Gun Runner is a 9.2 metre Jarkan 925 with a crew of six and an annual budget of $4,000. She is the smallest yacht in this year’s race, but during the year, 200 soldiers sail on her. She is well-used and has a lot of heart.
“It has to stretch a long way,” skipper Young says of the budget. “A large part goes to taking the yacht in the Sydney Gold Coast race and others up north. And five day passages – taking soldiers out for offshore experience and getting them to dig deep.”
Their $4000 is a long way from the major budgets of the bulk of the fleet – it wouldn’t pay to fix a sail on any of the high-tech yachts, but Young is philosophical and is ‘at ease’ with his lot in life – including a new crew this year. He is the lone one to have done the famous race.
The Army, Young says, principally uses Gun Runner to teach its values of courage, initiative, respect and teamwork. They also use Tasars and Elliotts for training and racing.
“Under normal circumstances the Sydney Hobart can be difficult; getting the team together and getting them to work as a team. Those characteristics are already imbued in soldiers - working under duress, responding to directions, and when to offer suggestions. They work together to make sure the team gets there – no superstars.
“To get them ready, we teach a lot in CYCA twilights – we are all taught a certain way and teach a certain way to give and respond to orders.”
On such a small boat – all 30 feet of it, Young says: “It takes us five days to get to Hobart. It’s very close quarters, very uncomfortable, that for me is the real challenge. You go on Gun Runner, you know what lack of sleep and comfort is about – it’s uncomfortable. But if it wasn’t like that, we wouldn’t do it – nor would the Army.”
Young acknowledges his personal challenge in regards to the Rolex Sydney Hobart is “the administration that goes into it beforehand. We spend the whole year making sure the yacht is up to spec – you go into it knowing you are going to spend five days out there.” And, he says, “I genuinely believe in the race as a challenge and the values we represent.”
As to his return to skipper a Sydney Hobart novice crew, he says: “You do the race once and walk away - it’s a great thing. But if you can turn around the next year and do it again with a different crew, it cements the fact that it is achievable, you can do it. You just have to believe in yourself.
“It’s not restricted to the super maxis, multi-millionaires etc. - anyone can do it.”

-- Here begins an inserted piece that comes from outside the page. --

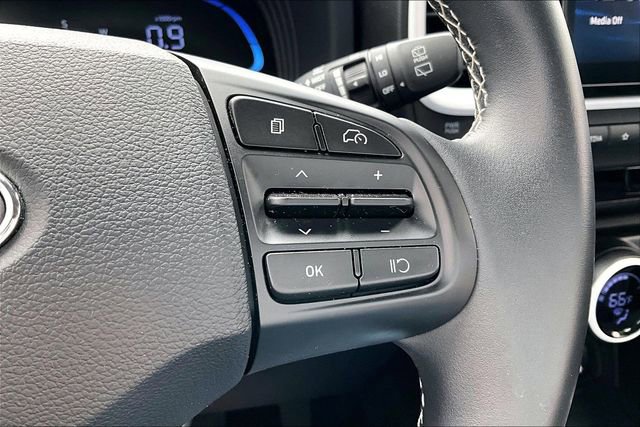 Used 2024 Hyundai Venue Limited FWD image 12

The father of nearly four children (one on the way) says that two boat owners, Shane Kearns and Sean Langman are mentors. “Sean’s father, Major Langman, was a part of the Army Sailing Club when Gun Runner was purchased. Both Sean and Shane sail and have sailed small boats to Hobart – they give me something to aim for.”
Kearns is going again this year on his S&S 34, Komatsu Azzurro, while Sean has swapped his 9 metre Maluka (the smallest in last year’s race) for a Reichel/Pugh 65, Naval Group.
“Small boats like Maluka and Komatsu are our inspiration,” says Young.
Finally, Young says, “I really appreciate how we’ve been accepted into the yachting community – we came into sailing with trepidation – but it’s been great.”
The Boxing Day start of the Rolex Sydney Hobart Yacht Race will be broadcast live on the Seven Network via 7Mate throughout Australia.